Tony asks:

> Ok, you agree that door 2 has a 1 in 3 chance of being the right door, so
>  let us look at this closer.
>  Door 1 (my pick) has a 1 in 3 chance of winning, Door 2 (my buddy's pick)
>  has the same 1 in 3 chance and Door 3  has a 1 in 3 chance.
>
>  Lets say we eliminate 3 by opening it and finding it is a dud, my buddy,
who
>  picked 2, does not all of a sudden have twice as much chance as me get the
>  right one, as there were 2 out of 3 chances he would fail,  the same as
>  there were 2 out of 3 chance that I would fail.
>
>  The fallacy that creeps into everyone's thinking at this point is that
>  because I had a 2/3 chance against me, I would have a 2/3 chance of winning
>  if I gave up my choice and jumped over to the 2/3 chance side.
>
>  The problem with that is , Wouldn't my buddy also be able to get the same
>  2/3 chance if he switched to my side.??   Removing door 3 did not increase
>  my odds to 2/3 nor his.  What it did do is change the rules of the game to
>  give us both 1 out of 2 chance.  This is not a math problem, it is a logic
>  problem.

As I wrote several days ago, never let anyone tell you that properly
describing the event state space in probability problems is easy.

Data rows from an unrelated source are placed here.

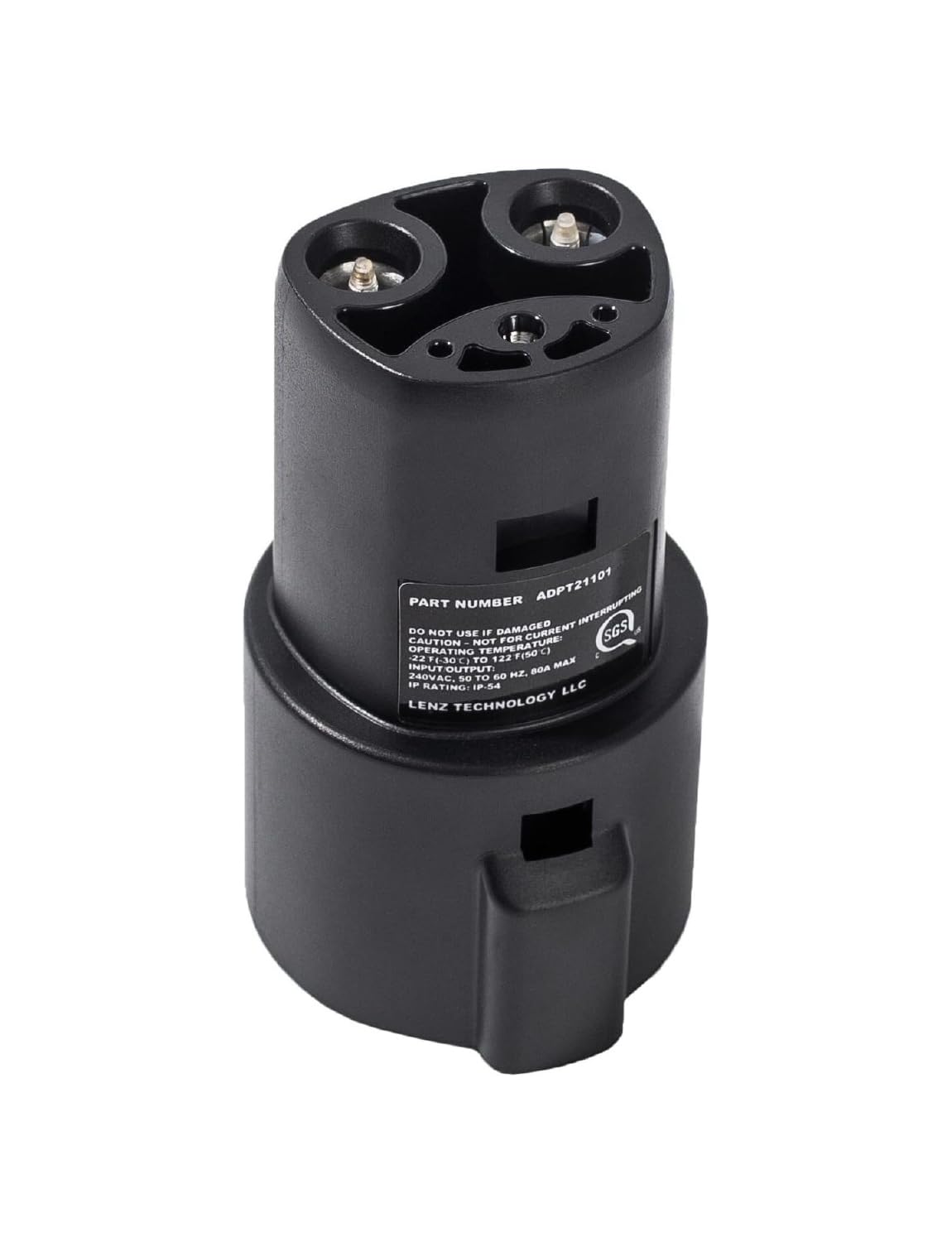 LENZ front view of adapter showing NACS plug and J1772 inlet benefit convenience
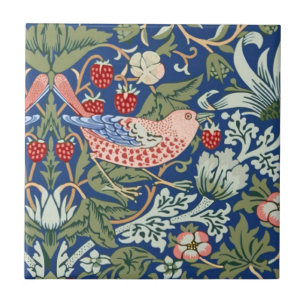 Azulejo De Cerâmica Ladrão de Morango William Morris Azul Marinho Cora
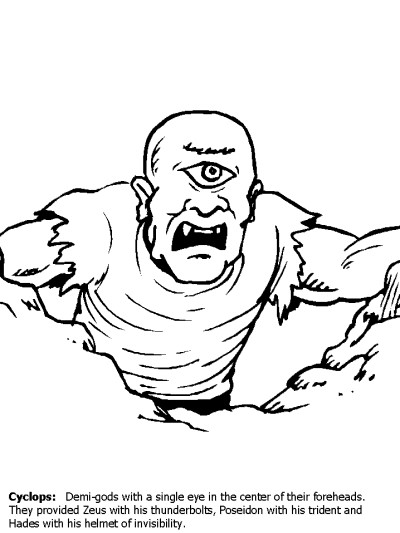 monsters and creatures - cyclops coloring page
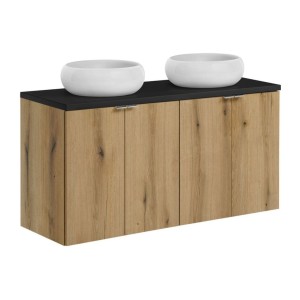 Ensemble VANO 120cm chêne et noir : meubles sous vasque, plan pour vasque et vasques à poser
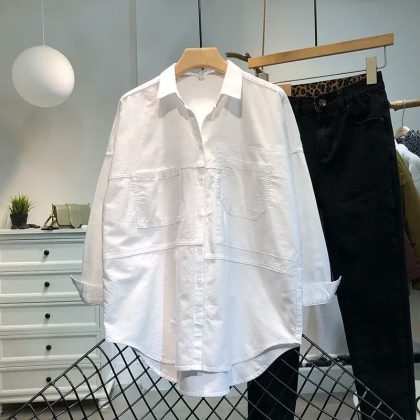 Oversized Cotton Button-Up Shirt for Women – Korean Style Pocket Blouse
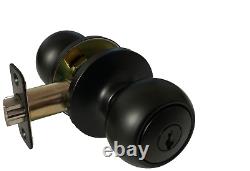 4 Entry Entrance w Single Deadbolt Black Door Locks round knobs Same Keyed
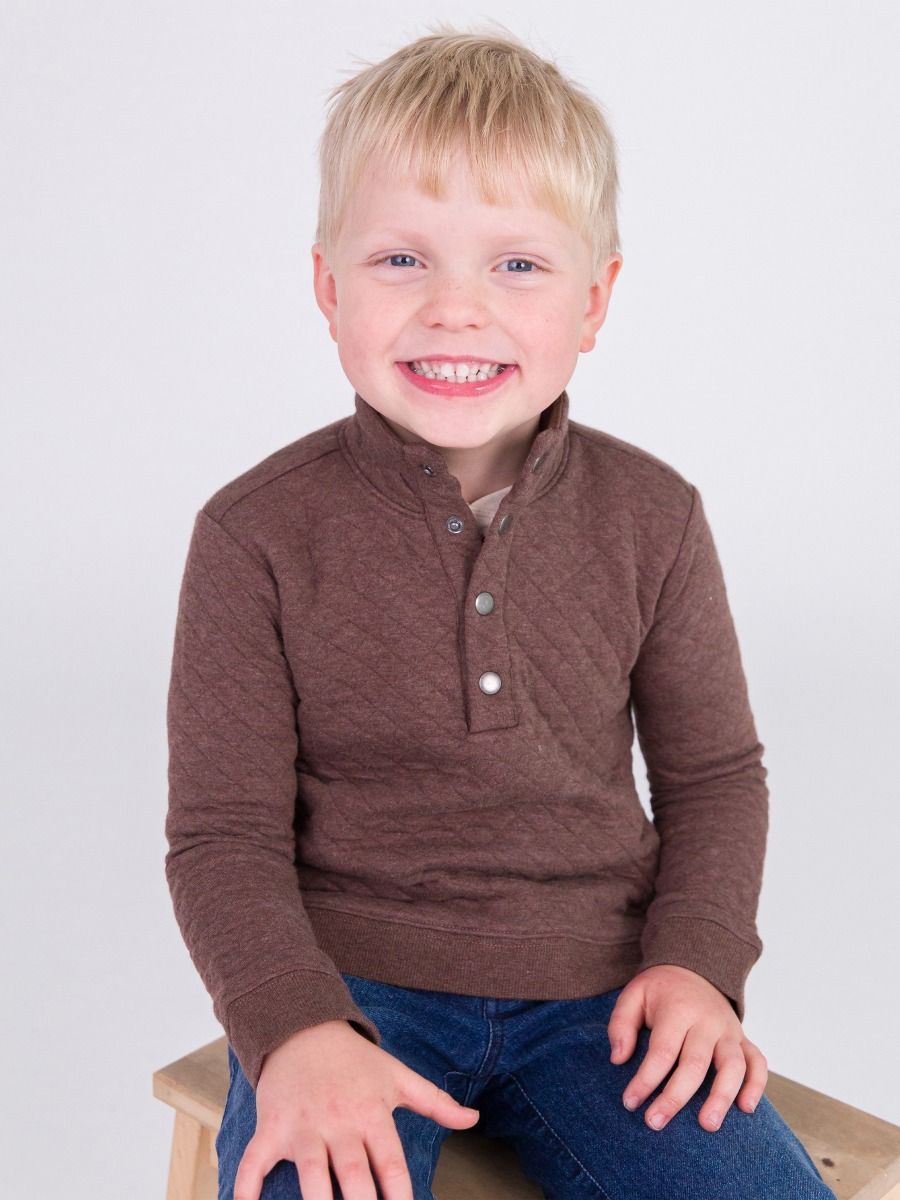 Brown 1/4 Snap Sweatshirt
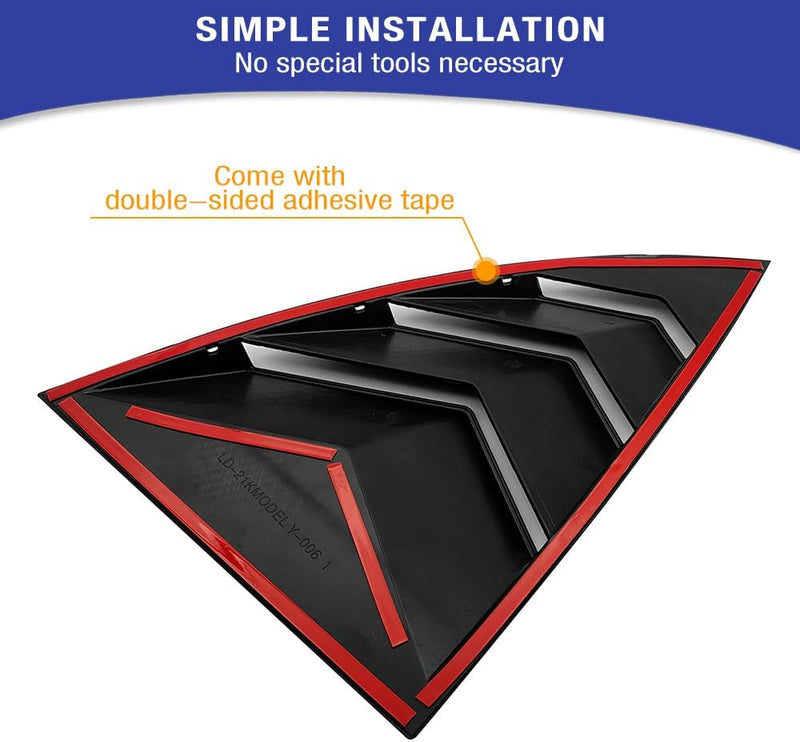 Glossy Black ABS Rear Side Window Shades Blinds Covers for Tesla 17-23 Model 3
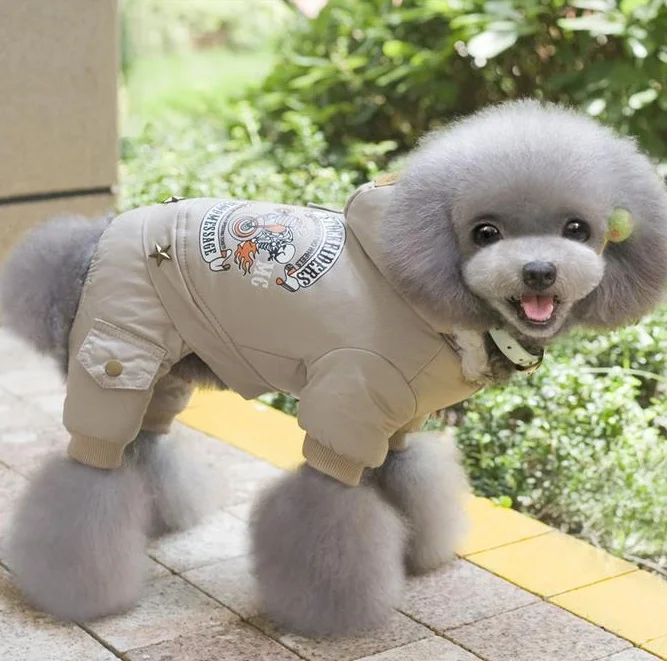 Одежда для собак, зимняя теплая куртка для собак, утолщенная Одежда для питомцев с капюшоном для чихуахуа, йоркширского маленького и среднего размера, одежда для собак - Цвет: khaki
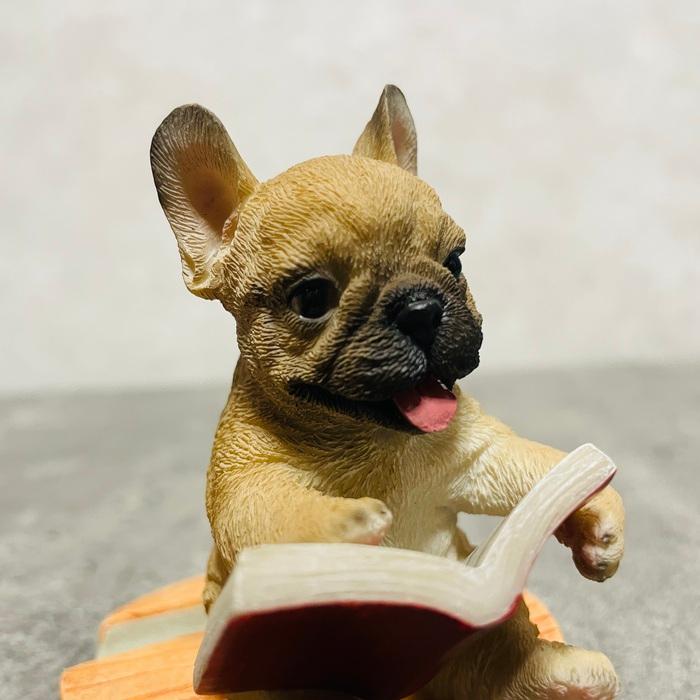スマホスタンド 卓上 犬 おもしろ 動物 本を見るフレンチブルドッグ 置物 おしゃれ リアル スマホホルダー  woobia ウービア |  | 05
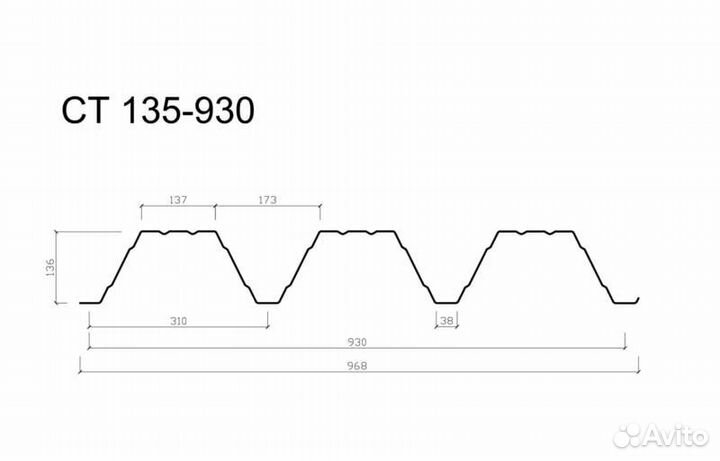 Профнастил ст 135-930 0,7 мм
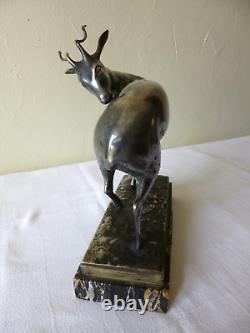 Sculpture Art Deco bronze-plated animal antelope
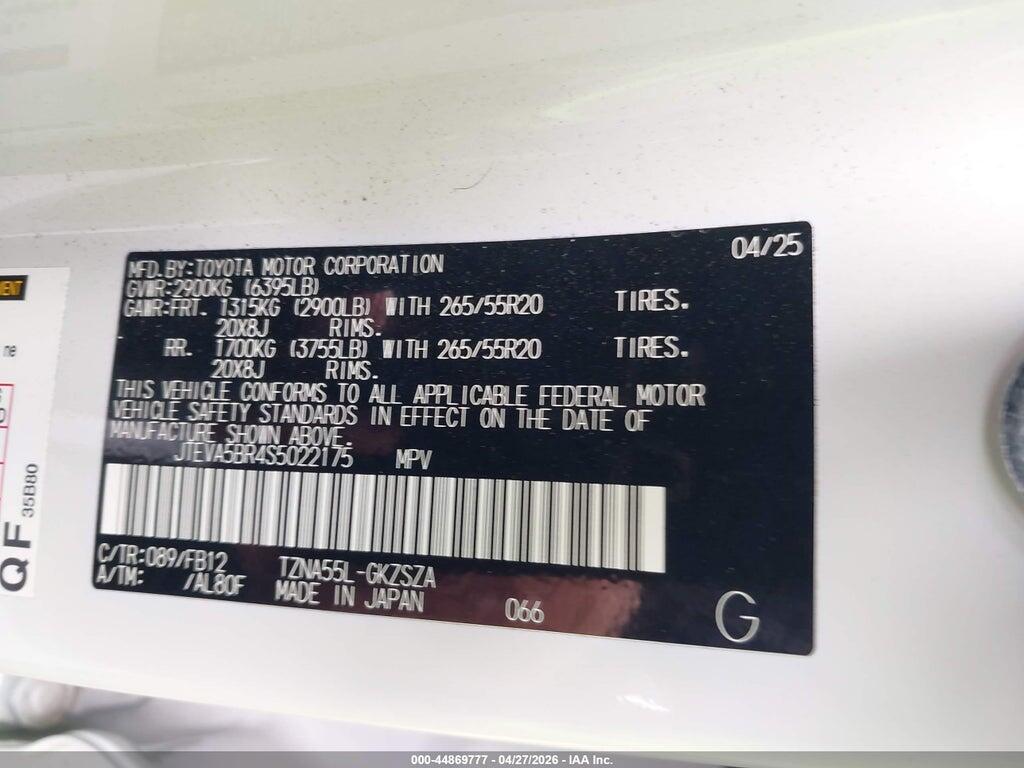 JTEVA5BR4S5022175 2025 TOYOTA 4RUNNER photo no. 9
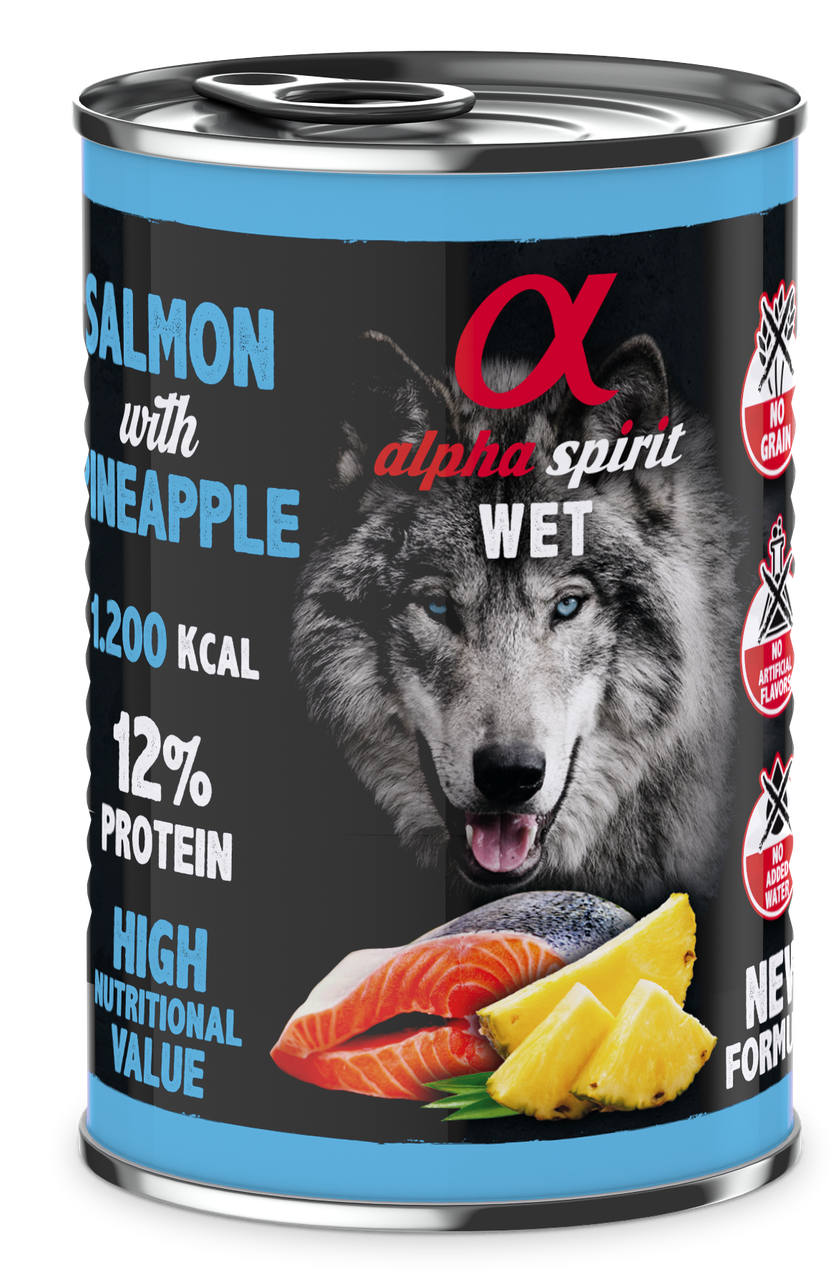 Повнораціонний вологий корм Alpha Spirit Salmon with Pineapple з лососем та ананасами для дорослих собак 400 г (as969077)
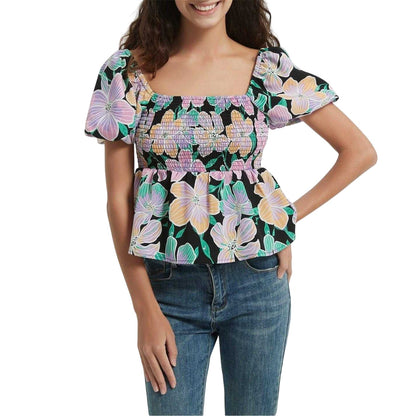 Black - Front - Be You Womens-Ladies Square Neck Relaxed Fit Blouse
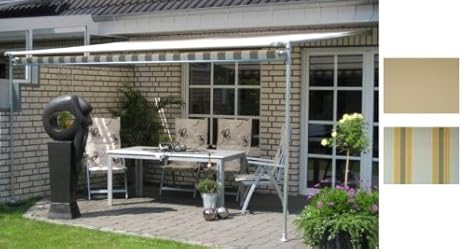 Luxus Leco Vlexy Rollo Terrassenüberdachung 3x4 m gelb gestreift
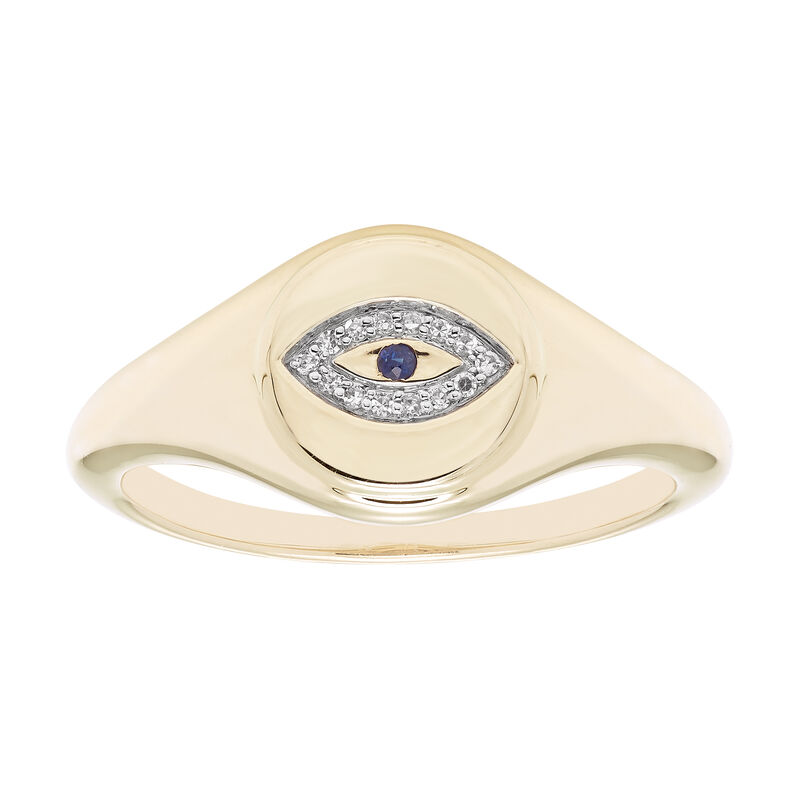 Diamond Evil Eye Signet Ring in 14k Yellow Gold image number null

In this case, Tony subtly redefines the problem by having two people choose
two doors -- and then having Monty open the unchosen door. That isn't the
original problem. In the original problem, an intelligent agent (called a
"daemon" in physics) is in operation. In this case the agent/daemon is Monty
Hall, and he has god-like pre-knowledge of the situation.

With just one contestant, Monty has two doors to chose from -- and will
always have at least one door *without* a prize behind it, and that's the
door he'll show you. If he happens to have two doors without prizes, because
you have chosen the winning door, it doesn't matter which door he shows you.
Nonetheless, the odds remain the same. If you hold your original choice, you
have a 1/3th chance of winning. If you choose Monty's unopened door, you have
a 2/3th's chance of winning.

What happens when you have two contestants (you and your buddy), you
completely eliminate Monty's freedom to always select a non-winning door. He
is no longer a daemon; rather he has now become just a cog in the mechanism.
The unchosen door has a 1/3th chance of being the winning door. If that
proves to be true, you both lose. But if it's not, you and your buddy each
have a 1/2th chance of being the winner, just as you say.

But the problem is, you're playing a different game than was originally
described.

Wirt Atmar